TheInformation.com (I assume this is what it says; I can’t actually get past their paywall, I just know I’m on the list)

“A perfect 10/10. The novel DeLillo would have written if he was an elder millennial who’d seen every episode of Buffy and Dawson’s Creek.

—Adam Wilson, author of Sensation Machines

“An introspective literary look at contemporary entertainment, families, culture, and the never-ending search for connection.”

— Kristine Huntley, Booklist

“April 23”

— New York Times, “27 Works of Fiction Coming This Spring” (& “17 New Books Coming in April”)

“A failed actor’s search for yet another second chance becomes a hilarious portrait of how our culture’s insistence on making everything a reference to something else has destabilized reality and our ability to make meaning. It’s the best—maybe only good?—internet novel since Chronic City. What Justin Taylor’s done is dramatize how we cling to the past as the future becomes less tenable but this in turn creates a totally unstable present.
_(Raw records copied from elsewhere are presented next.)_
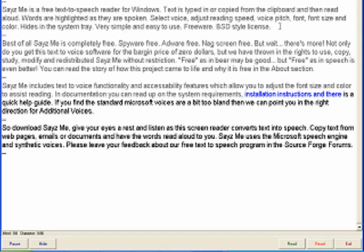installation instructions and there is a quick help guide. If you find the standard Microsoft voices are a bit too bland, then we can point you in the right direction for additional voices.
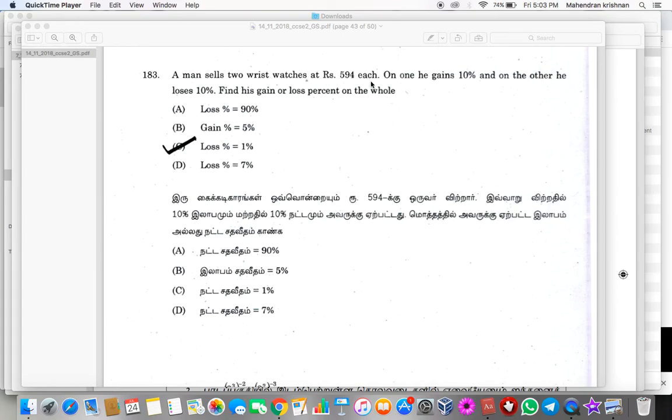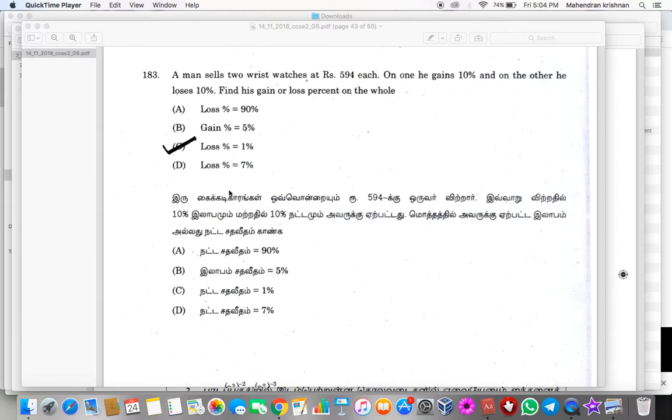A person sells two watches at Rs. 594 each. On one he gains 10%, on the other he loses 10%. Find his gain or loss on the whole. So the answer is loss percent equal to 1%. Let me tell the formula.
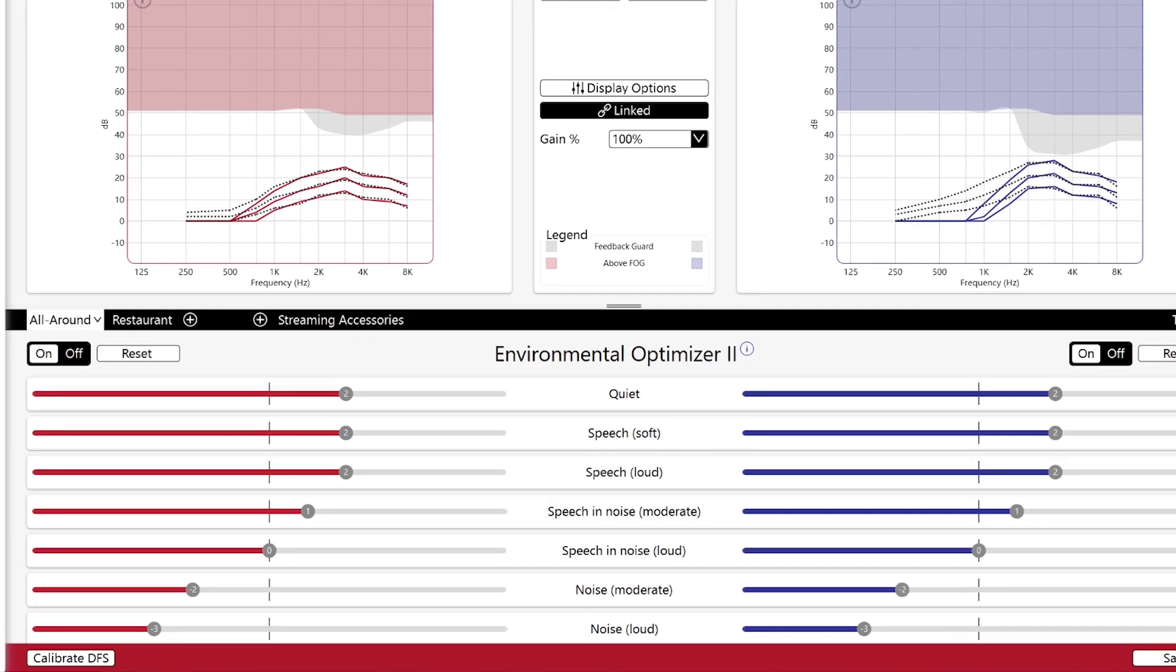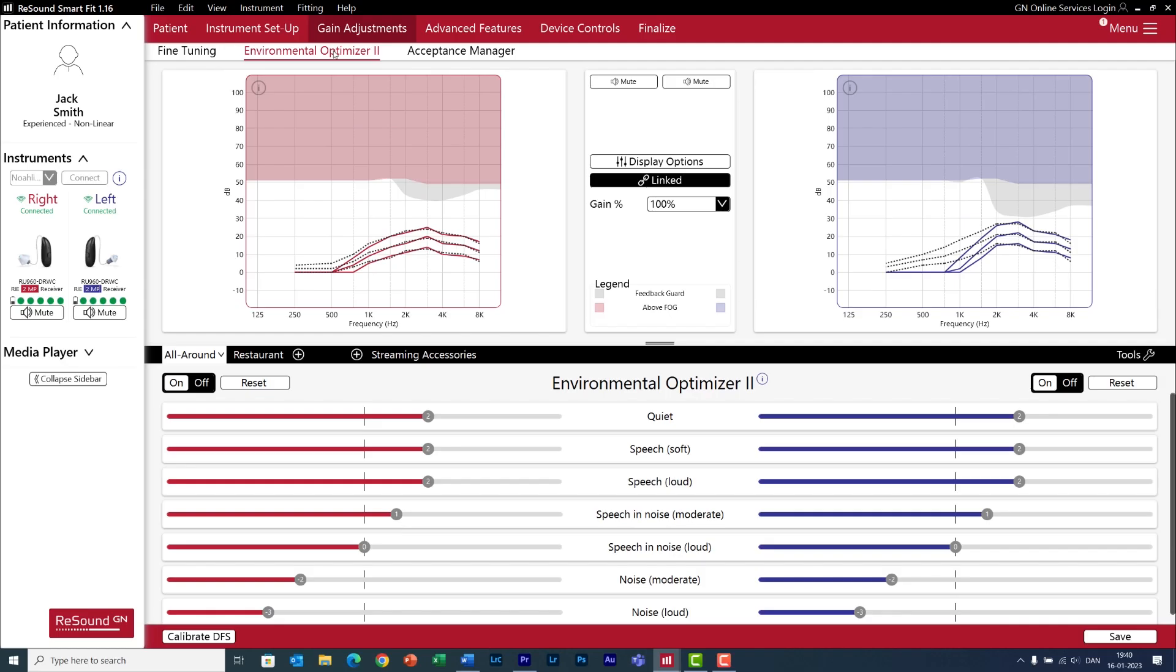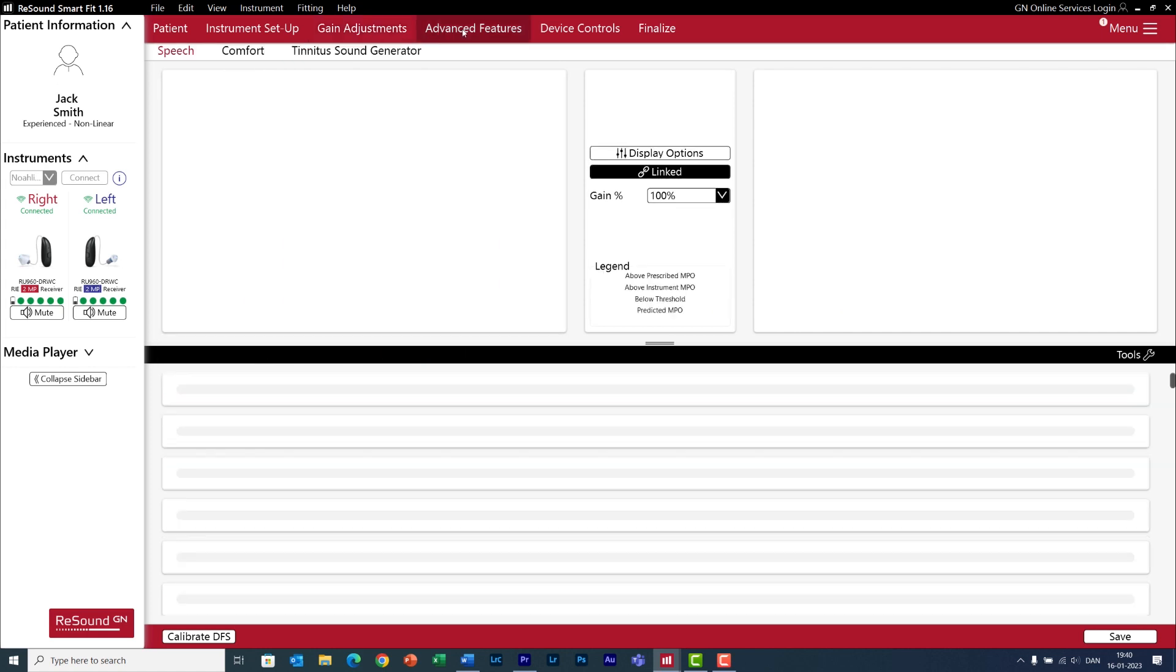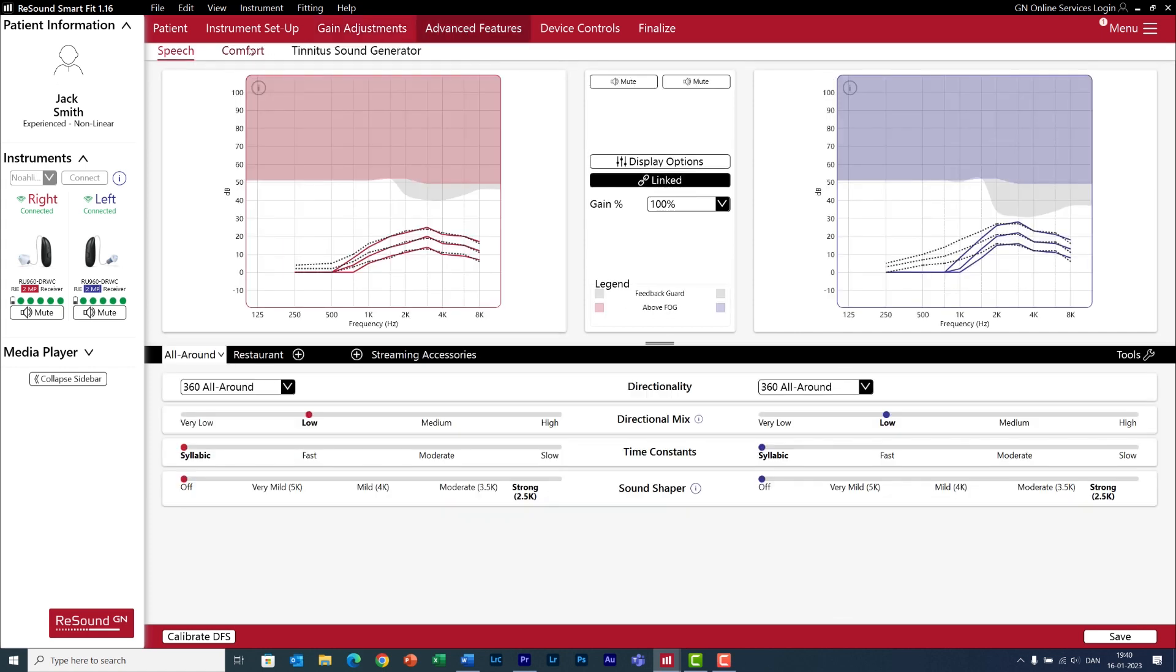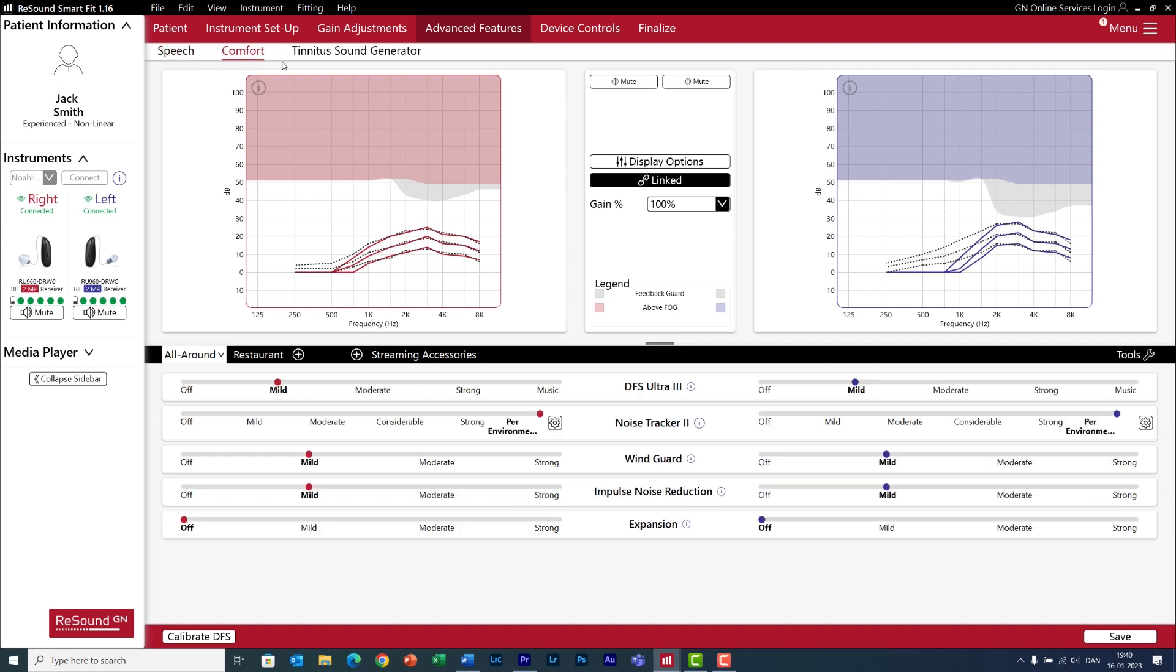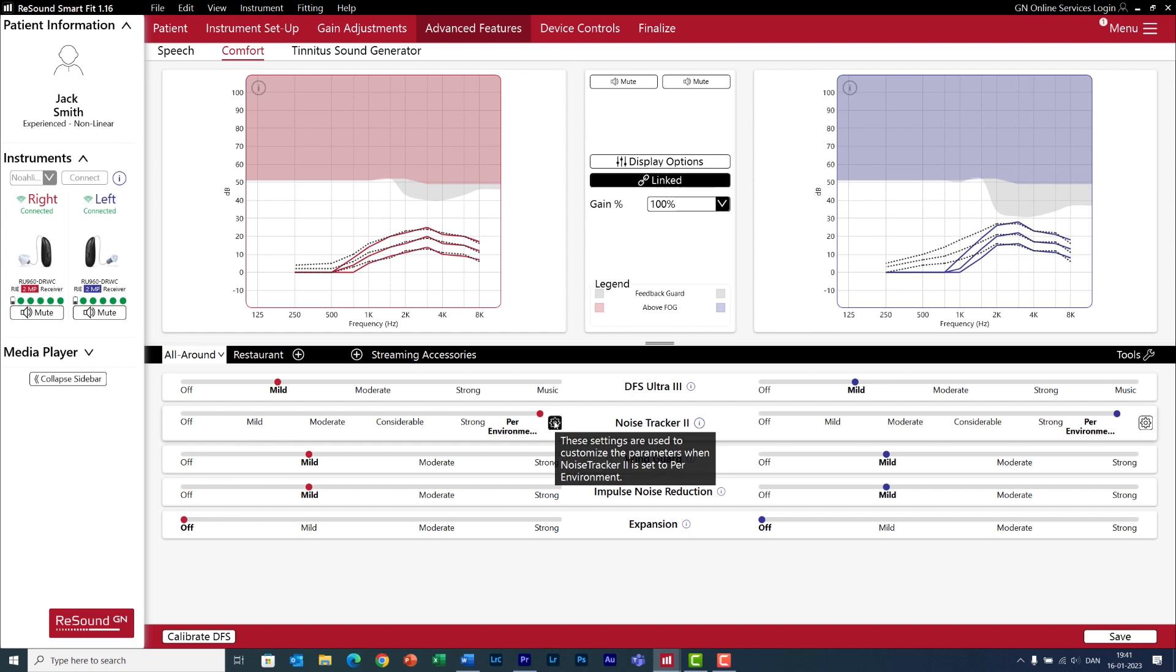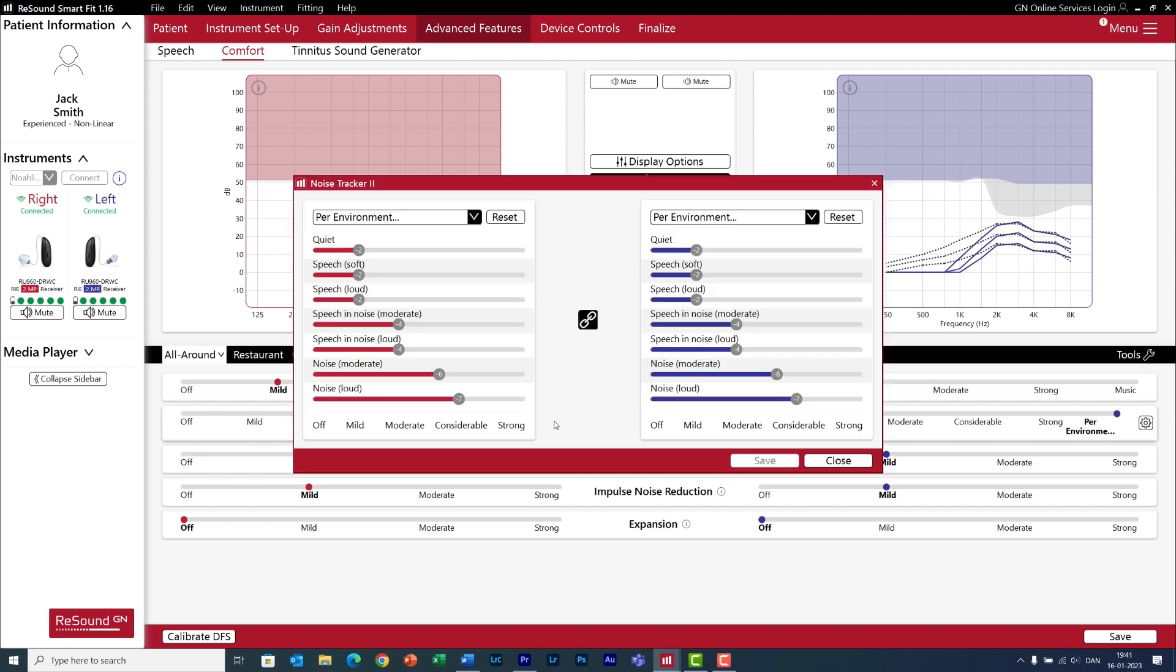The Environmental Optimizer is an automatic volume control that you can program in up to seven environments, from quiet to very noisy situations. Also, for speech and noise in places with moderate, or loud noise. And it gets better because in price point nine, you can also program how much noise reduction you want for each of these environments. So, go to advanced features, select comfort, noise tracker, which is the name for the noise reduction algorithm.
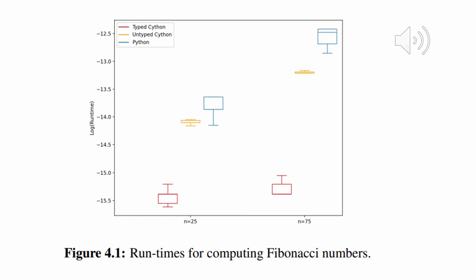The average runtime obtained for optimally typed Cython for n when it's 25 is 4.5 times faster than its Python equivalent, and for when n is 75, typed Cython was shown to be faster by a factor of 18, showing that the increase in speed was more apparent when the program was more computationally expensive.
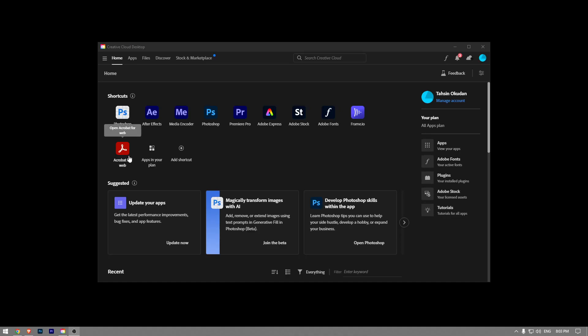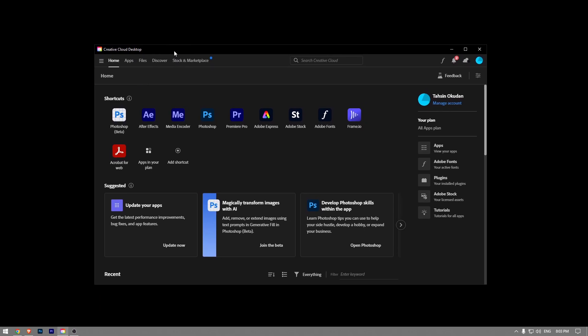In this video, I'm going to show you how to download the Photoshop Beta version. The process is really simple and straightforward, so let's get right into it. First thing first, you gotta launch the Creative Cloud desktop application.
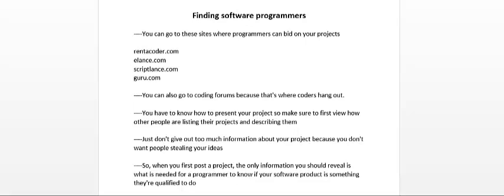You also have to be very careful. You don't want to give out too much information about your project because you don't want people stealing your ideas.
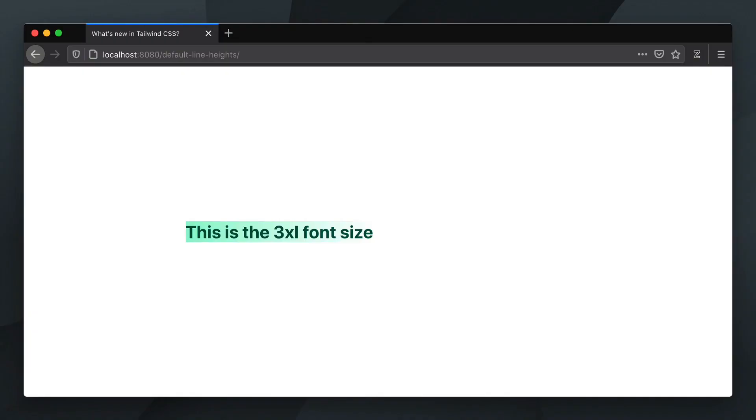Hi everyone! Let's take a look at a typographic change in Tailwind 2.0, the addition of default line heights for each value in the font size scale.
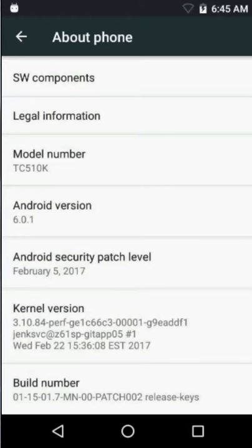01-15-01. That's the build number on the device. You see above that there's Android version 6.0.1. That tells you the Android version.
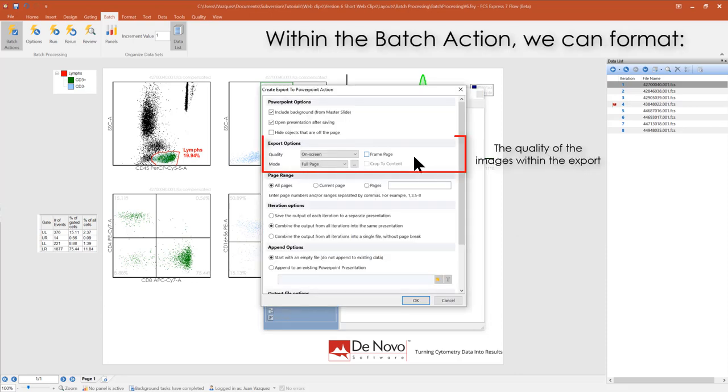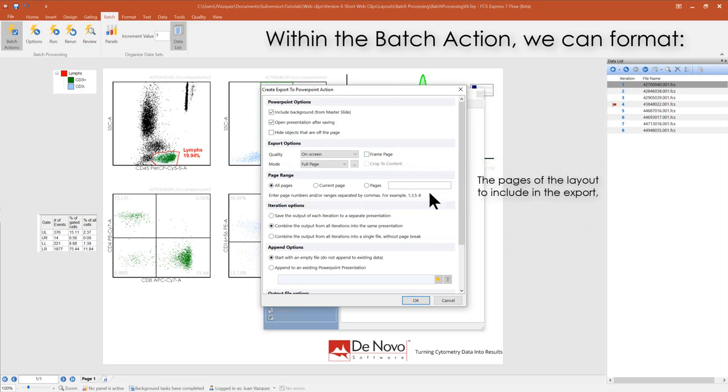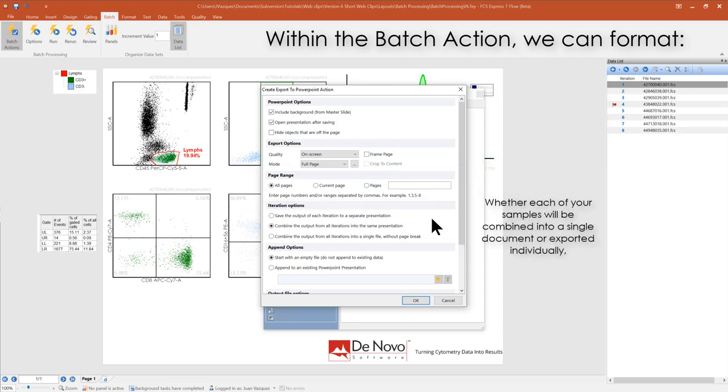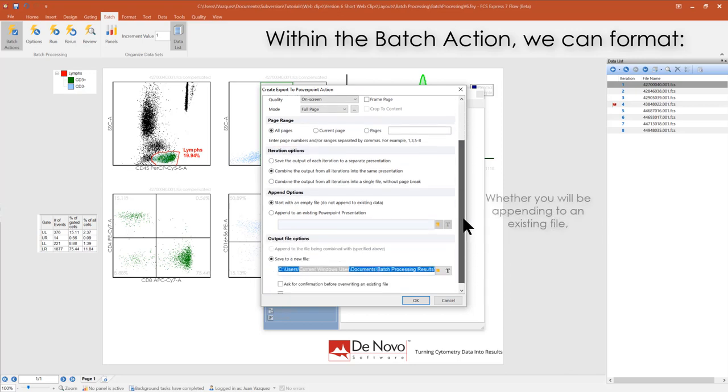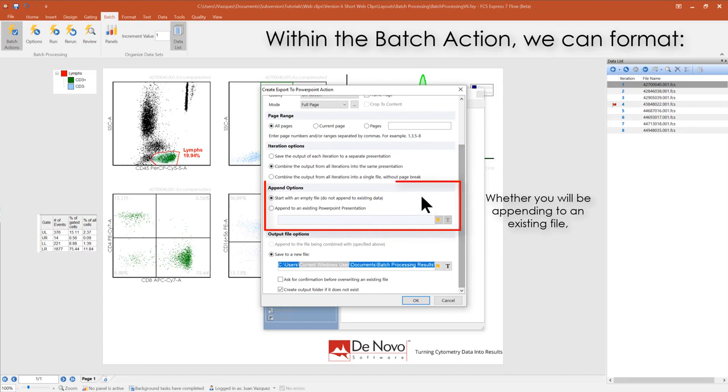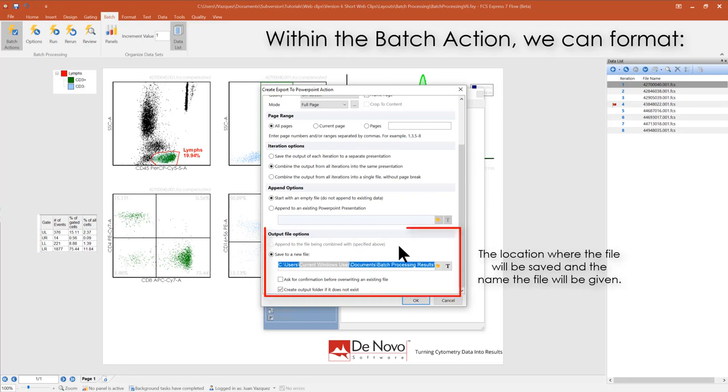Within the Batch Action, we can format the quality of the images within the export, pages of the layout to include in the export, whether each of your samples will be combined into a single document or exported individually, or you will be appending to an existing file, the location to which the file will be saved, and the name it will be given.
But he’s done it with humor, and beautiful prose, and Jewish mysticism, and memes, and a roguelike about how the Earth is hollow.”
— Isaac Butler, author of The Method

“For all the talk of an Other America — that underground country whose president is Trump and whose capital is Florida — we have precious few novels of its condition, and none as powerful, passionate, whacked-out, and pathic as Justin Taylor’s REBOOT.”
— Joshua Cohen, author of The Netanyahus

“A laugh-out-loud, bingeable romp of child star comebacks and climate terror, news not quite fit to print, and the gig economy blues, Justin Taylor’s REBOOT brilliantly reckons with an America soliciting likes off shitposts while it drowns. It also happens to be that rare, bang-up novel as big-hearted as it is ambitious, written by a writer at the height of his wild gifts.”
— Tracy O’Neill, author of Quotients

“REBOOT is the perfect 21st century novel. Its all-you-can-eat buffet of delights includes a subterranean video-game cult, fanfic exegesis, washed-up former teen stars, and even a few tentacle creatures. Taylor has found the music and flow of Bellow’s best work, and the result is ecstatically funny and heartbreaking.”
— Daniel Hornsby, author of Sucker

“REBOOT is the new American novel. Farcical up close, tragic at a distance: a bouncy house in a hurricane. There’s madness, brilliance, and real heart in these pages, which I’d call ‘funny DeLillo’–except everything is DeLillo now, and the laughs are really tears of recognition. Maybe joy.”
— Ryan Chapman, author of The Audacity

“Justin Taylor is cursed with equal portions of modesty and genius, so when he sets out to write a page-turner that might interest consumers of streaming TV, what results is inevitably a multilayered masterpiece about a paradox: in this case, succession as cancellation. The old must die for the new to be born—that’s the usual dark cliche; but in a culture of novelty, to what extent is the old even alive? It is strongly advised to pay the new to write its lines—all of them, even its memories. For the inheritors, liberation can be speeded by murder or, failing that, a shift in genre. The events of yesterday are ripe for effacement by nostalgia, and the only usable (or is it “visible”?) news comes from the future as speculative, very-online ecriture feminine. I know I’m getting a bit bewildering here, but Justin is one of the great chroniclers of contemporary culture, and this is a valuable and important book, even though it’s not actually TV.”
— Nell Zink, author of Avalon

“A funny, excellent satire of our current desire to reboot literally everything – unfortunately with an ending that just didn’t cut it for me. Excellent writing though.”